# Microsoft Office 2003 AIO--What is AIO?



## Alex Ethridge (Apr 10, 2000)

Today, I was in an office doing some networking on a 24-computer+ network and I saw someone installing Microsoft Office 2003 AIO. What is AIO? Also, on its initial installation screen where you choose what to install, there were the following choices:
 Microsoft Office 2003
 Visio 2003
 Microsoft Project
 Front Page
 One Note
 And an option to create stand-alone ISOs.
What kind of disk is this?
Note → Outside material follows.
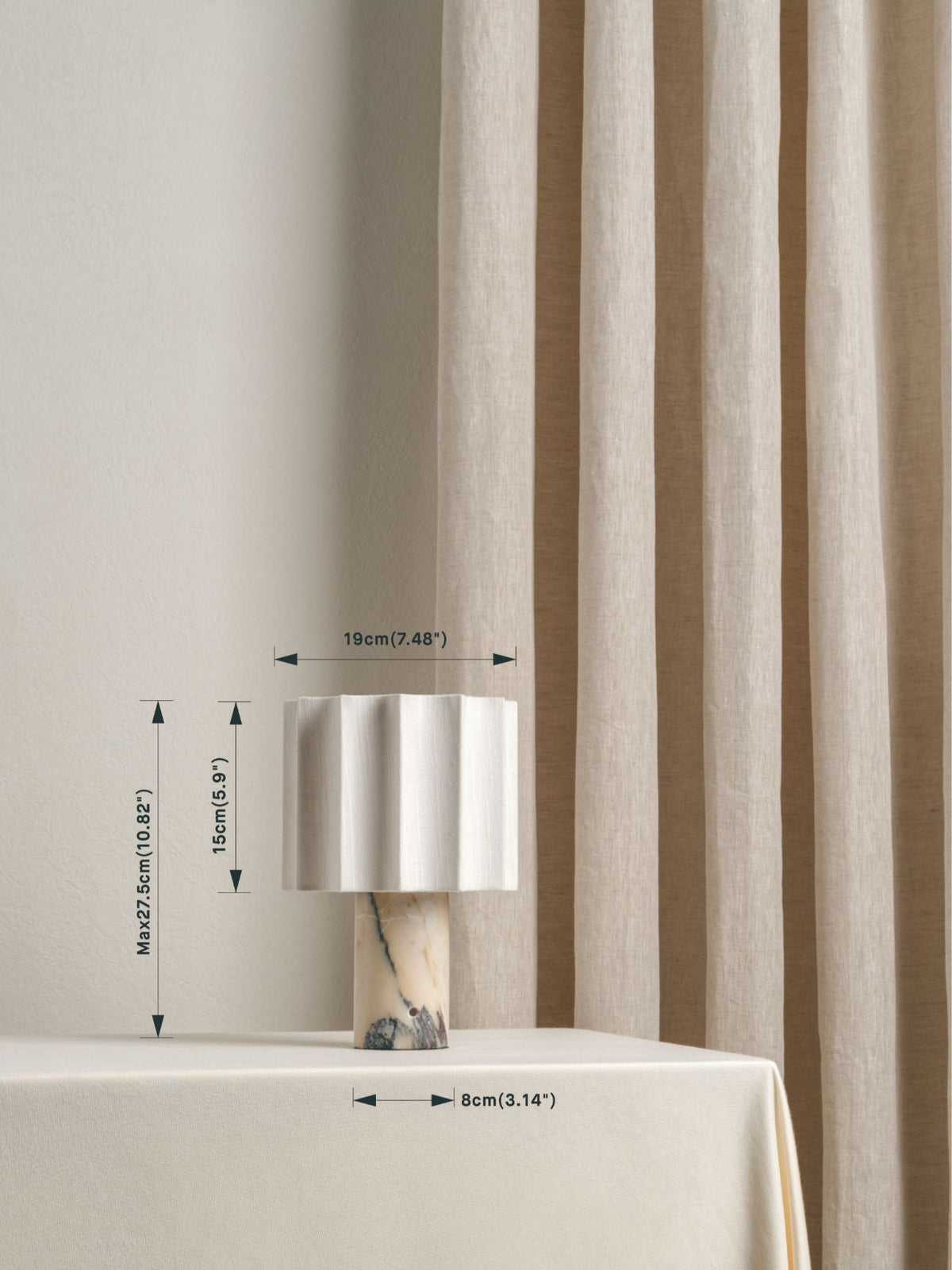 Valli - Viola Calacatta Marble And Linen Rechargeable Table Lamp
I've never seen anything like it.


----------



## youngstown (Aug 19, 2004)

i seriously not sure but search on google?


----------



## Alex Ethridge (Apr 10, 2000)

I tried Google; but, no help there.


----------



## youngstown (Aug 19, 2004)

u sure its not like some other country product?


----------



## Bob Cerelli (Nov 3, 2002)

Here's some other forums that may help provide more information (AIO - All In One):

http://www.neowin.net/forum/index.php?showtopic=118012
http://www.neowin.net/forum/index.php?showtopic=102537
http://xbetas.com/board/showthread.php?t=6
http://www.neowin.net/forum/lofiversion/index.php/t276434.html


----------



## Alex Ethridge (Apr 10, 2000)

That answers my question.

Thanks.


----------